EXCERPTED DATA START
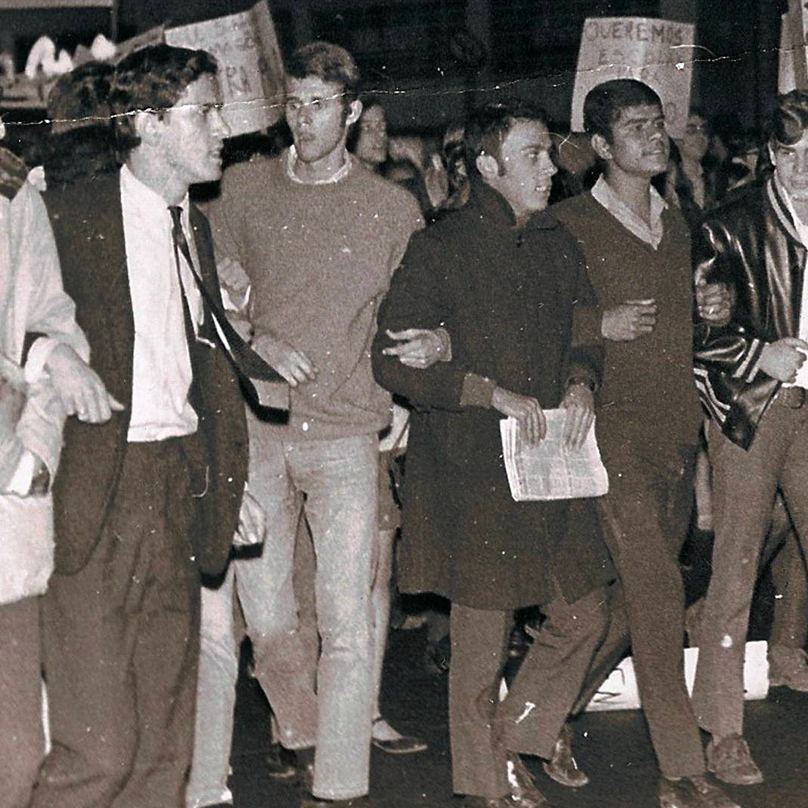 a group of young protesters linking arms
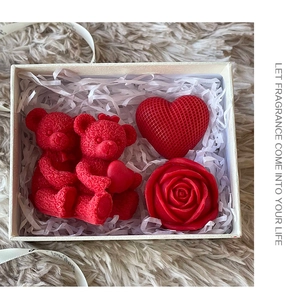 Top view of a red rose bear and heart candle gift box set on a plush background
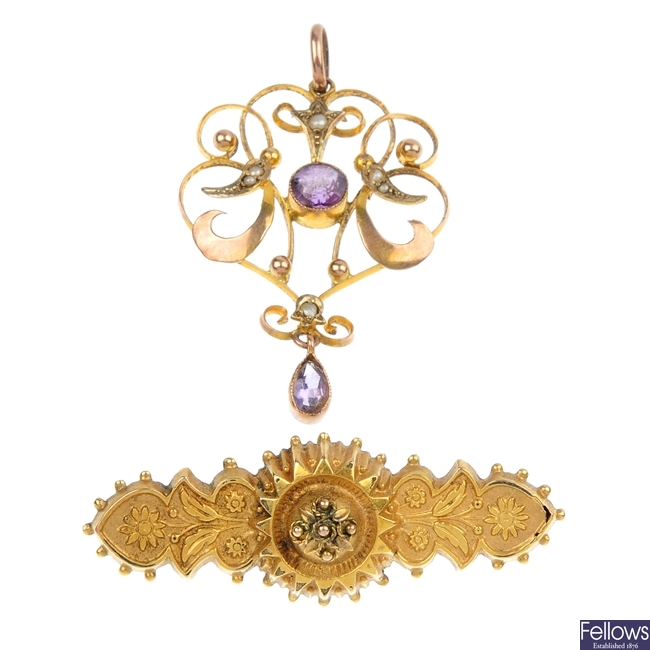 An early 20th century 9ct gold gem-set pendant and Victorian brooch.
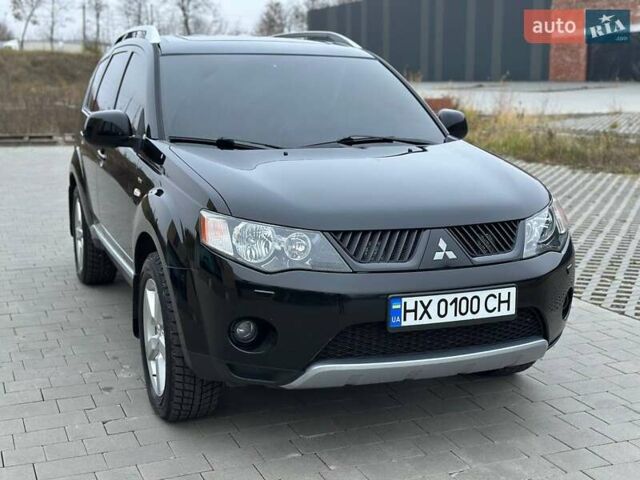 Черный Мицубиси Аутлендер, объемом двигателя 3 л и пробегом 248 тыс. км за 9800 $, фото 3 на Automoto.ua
EXCERPTED DATA END
EXCERPTED DATA START
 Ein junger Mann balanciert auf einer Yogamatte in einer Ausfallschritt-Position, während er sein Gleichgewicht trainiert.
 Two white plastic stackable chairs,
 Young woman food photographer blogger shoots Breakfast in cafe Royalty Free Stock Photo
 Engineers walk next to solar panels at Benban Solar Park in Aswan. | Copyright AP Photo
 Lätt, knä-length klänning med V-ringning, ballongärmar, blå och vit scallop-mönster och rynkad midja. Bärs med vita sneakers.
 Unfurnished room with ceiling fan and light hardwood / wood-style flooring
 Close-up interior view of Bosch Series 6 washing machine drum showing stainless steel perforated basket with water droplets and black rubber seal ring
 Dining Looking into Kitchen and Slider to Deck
EXCERPTED DATA END
Each line of the entries where the string "Photo" occurs should be shown.

 Young woman food photographer blogger shoots Breakfast in cafe Royalty Free Stock Photo
 Engineers walk next to solar panels at Benban Solar Park in Aswan. | Copyright AP Photo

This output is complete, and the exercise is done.